Figure 8. Maximum-likelihood phylogenetic tree of NifH sequences obtained from the stems of four rice genotypes and amplified by the nifH primer set. OTUs with a mean relative abundance of ≥1% in at least one rice genotype were used. Bootstrap values of ≥50% are indicated at their respective nodes. Reference type strains are indicated with superscript “†.” The backgrounds of the reference strains are colored according to the sugar (sucrose and/or glucose) utilization capacity of those bacteria based on the data from (1) Lee et al. (2013); (2) Staley (1984); (3) Kuykendall et al. (2015); (4) Dall'Agnol et al. (2013); (5) Baldani et al. (2015); (6) Hungria et al. (1993); (7) Kuykendall (2015); (8) Sajnaga and Jach (2020); (9) Ahnia et al. (2018); (10) Reis et al. (2004); (11) Chen et al. (2006); (12) Coenye et al. (2001); (13) Wolterink et al. (2005); (14) Weon et al. (2008); (15) Qiu et al. (2017); (16) Hardoim et al. (2013); (17) Xu et al. (2020); (18) Ueki et al. (2006); (19) Olsen (2015); (20) Imhoff (2015b); (21) Diaz-Barrera et al. (2016); (22) Bae et al. (2006); (23) Norris et al. (2015); and (24) Patrick and McDowell (2015). The black-and-white shading in the columns on the right-hand of the NifH-OTU name indicates the mean relative abundance of the NifH-OTUs in each rice genotype (n = 2 for Nipponbare; n = 3 for agpl1, Leafstar, and CG14). When the groups were clustered with known sequences from a single class, the class name was added. The NifH cluster classification was defined from I to IV by Zehr et al. (2003) based on the clustering in the phylogenetic tree.
Community Analysis of Potential N-Fixing Bacteria
The relative abundance of OTUs from Bradyrhizobium sp. (class Alphaproteobacteria) and Paraburkholderia sp. (class Betaproteobacteria) was high in all samples of Nipponbare, agpl1, Leafstar, and CG14, and the total relative abundance of NifH representative OTUs (>1% relative abundance in at least one sample) classified as Bradyrhizobium sp. (NifH-OTU I5–I7) and Paraburkholderia sp. (NifH-OTU I10–I14) were 9.0, 8.0, 12.1, 3.7%, and 9.8, 5.7, 10.7, 6.1%, respectively (Figure 8, Supplementary Table 3). Similarly, in 16S rRNA, the relative abundance classified as Bradyrhizobium sp. (16S-OTU A8) and Paraburkholderia sp. (16S-OTU A8) were 2.6, 2.1, 5.2, 1.6%, and 0.7, 0.8, 3.7, 0.4% in Nipponbare, agpl1, Leafstar, and CG14, respectively (Figure 6, Supplementary Table 2). Five NifH-OTUs closely related to Brooklawnia sp. (phylum Actinobacteria) also had low amino-acid identity compared to the closest described species (93.4–94.4%). Furthermore, the total relative abundance of the representative sequences (NifH-OTU II5–9) was found to be 13.8, 12.5, 10.3, and 15.4% in Nipponbare, agpl1, Leafstar and CG14, respectively (Figure 8, Supplementary Table 3). The sequences matched or closely matched with those of uncultured bacterium (BAE45574.1 or BAE45569.1); however, the corresponding sequences of 16S rRNA were not found in this study.

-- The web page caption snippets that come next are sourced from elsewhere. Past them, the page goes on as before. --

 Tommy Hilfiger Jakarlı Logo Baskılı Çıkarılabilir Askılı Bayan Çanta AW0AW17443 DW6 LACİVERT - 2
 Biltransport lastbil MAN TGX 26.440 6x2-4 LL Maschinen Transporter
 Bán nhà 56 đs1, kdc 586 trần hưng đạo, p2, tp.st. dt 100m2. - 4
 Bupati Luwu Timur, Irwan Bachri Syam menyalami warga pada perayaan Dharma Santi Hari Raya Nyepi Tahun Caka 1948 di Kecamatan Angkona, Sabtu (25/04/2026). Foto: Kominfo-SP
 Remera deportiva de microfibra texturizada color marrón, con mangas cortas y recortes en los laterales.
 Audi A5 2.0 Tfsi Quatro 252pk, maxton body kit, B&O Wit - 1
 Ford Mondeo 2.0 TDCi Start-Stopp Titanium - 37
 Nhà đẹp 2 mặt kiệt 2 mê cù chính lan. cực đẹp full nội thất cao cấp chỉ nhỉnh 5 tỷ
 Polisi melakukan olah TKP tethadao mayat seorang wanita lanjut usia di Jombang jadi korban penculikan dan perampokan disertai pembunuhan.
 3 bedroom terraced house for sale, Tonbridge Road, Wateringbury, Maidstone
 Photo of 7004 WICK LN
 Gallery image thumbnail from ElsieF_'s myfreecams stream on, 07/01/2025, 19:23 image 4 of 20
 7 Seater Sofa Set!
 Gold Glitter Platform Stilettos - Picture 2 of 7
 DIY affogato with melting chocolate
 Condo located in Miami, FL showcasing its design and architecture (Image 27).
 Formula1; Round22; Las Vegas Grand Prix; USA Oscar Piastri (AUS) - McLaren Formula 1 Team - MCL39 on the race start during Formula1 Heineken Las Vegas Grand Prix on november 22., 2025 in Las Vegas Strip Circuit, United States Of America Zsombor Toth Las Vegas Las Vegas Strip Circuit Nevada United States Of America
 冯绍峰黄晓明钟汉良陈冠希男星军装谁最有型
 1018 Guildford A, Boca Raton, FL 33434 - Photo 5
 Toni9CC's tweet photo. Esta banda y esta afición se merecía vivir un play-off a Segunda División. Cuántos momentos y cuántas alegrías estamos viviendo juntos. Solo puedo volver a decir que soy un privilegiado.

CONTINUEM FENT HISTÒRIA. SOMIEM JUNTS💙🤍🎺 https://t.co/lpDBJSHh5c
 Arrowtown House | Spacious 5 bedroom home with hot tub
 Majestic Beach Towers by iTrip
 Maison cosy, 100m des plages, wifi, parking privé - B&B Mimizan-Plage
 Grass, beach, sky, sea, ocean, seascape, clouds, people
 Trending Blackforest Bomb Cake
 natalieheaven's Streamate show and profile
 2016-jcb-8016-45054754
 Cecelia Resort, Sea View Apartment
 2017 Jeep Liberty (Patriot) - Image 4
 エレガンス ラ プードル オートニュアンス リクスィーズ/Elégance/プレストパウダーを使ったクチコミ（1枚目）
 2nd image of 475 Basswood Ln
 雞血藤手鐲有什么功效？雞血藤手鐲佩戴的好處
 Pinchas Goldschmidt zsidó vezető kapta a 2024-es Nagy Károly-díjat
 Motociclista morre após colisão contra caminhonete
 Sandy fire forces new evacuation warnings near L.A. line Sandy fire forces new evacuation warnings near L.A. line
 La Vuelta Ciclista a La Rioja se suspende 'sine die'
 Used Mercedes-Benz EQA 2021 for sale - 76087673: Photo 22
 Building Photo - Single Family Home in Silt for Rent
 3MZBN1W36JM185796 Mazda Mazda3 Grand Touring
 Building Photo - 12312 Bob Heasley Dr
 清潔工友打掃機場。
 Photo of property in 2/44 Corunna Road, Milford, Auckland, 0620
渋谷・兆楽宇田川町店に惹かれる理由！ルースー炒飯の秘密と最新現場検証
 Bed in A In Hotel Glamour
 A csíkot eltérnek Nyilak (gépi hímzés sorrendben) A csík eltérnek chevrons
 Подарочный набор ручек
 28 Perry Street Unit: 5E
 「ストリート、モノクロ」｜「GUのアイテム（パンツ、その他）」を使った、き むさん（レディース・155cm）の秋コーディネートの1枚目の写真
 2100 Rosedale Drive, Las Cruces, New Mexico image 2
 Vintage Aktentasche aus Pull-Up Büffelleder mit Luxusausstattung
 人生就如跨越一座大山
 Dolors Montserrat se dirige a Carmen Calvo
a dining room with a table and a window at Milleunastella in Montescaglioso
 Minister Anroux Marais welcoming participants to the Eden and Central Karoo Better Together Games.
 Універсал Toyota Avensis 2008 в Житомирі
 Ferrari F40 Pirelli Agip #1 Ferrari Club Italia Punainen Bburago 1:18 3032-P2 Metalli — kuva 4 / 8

The NifH-OTU I24 classified as Kosakonia sp. (class Gammaproteobacteria) was also abundant only in CG14 with a relative abundance of 3.5% (Figure 8, Supplementary Table 3). In 16S rRNA, 16S-OTU C1 classified as Kosakonia sp. was <0.06% compared with the relative abundance in Nipponbare, agpl1, and Leafstar; however, the relative abundance was 8.74% in CG14 (Figure 6, Supplementary Table 2).
Sugar Utilization Capacity of Potential N-Fixing Bacteria
For reference strains used in the phylogenetic trees of 16S rRNA and NifH (Figures 6, 8), the sugar (sucrose and glucose) utilization ability was estimated at the strain, species, and at the genus levels with available information. Most of the reference strains selected for the phylogenetic trees of 16S rRNA and NifH were reported to be able to utilize sugars, regardless of the class or NifH- cluster to which they belonged (Figures 6, 8). In Alphaproteobacteria, which had high abundance in the class (Figures 5, 7), most bacteria other than methane-oxidizing bacteria were considered to be capable of sugar utilization (Figures 6, 8). The strains of Bradyrhizobium sp. (NifH-OTU I5–I7) and Paraburkholderia sp. (NifH-OTU I10–I14), which were adjacent to the NifH-OTUs with high relative abundance, were capable to utilize sugars (Figure 8). Strains of Kosakonia sp., which had a high abundance in CG14, were also able to utilize sugar (Figures 6, 8).
Discussion
Relationship Between N-Fixing Activity and NSC in Rice Stem
Results revealed that N fixation can positively be affected by total sugar concentration rather than by starch or N concentrations. The fact that ARA and total sugar concentration in the stem were positively correlated with rice varieties through the 2 years of experiments in the field supported these results (Figures 1A,B). From the results, agpl1, a mutant of Nipponbare that cannot synthesize and store starch in the stem tended to show higher ARA and total sugar concentration than Nipponbare in 2018 (Figure 1B). In Nipponbare, changes in ARA and total sugar concentration also coincided with each other starting from tillering to the ripening stage in 2018 (Figure 2), which also supports the results described above.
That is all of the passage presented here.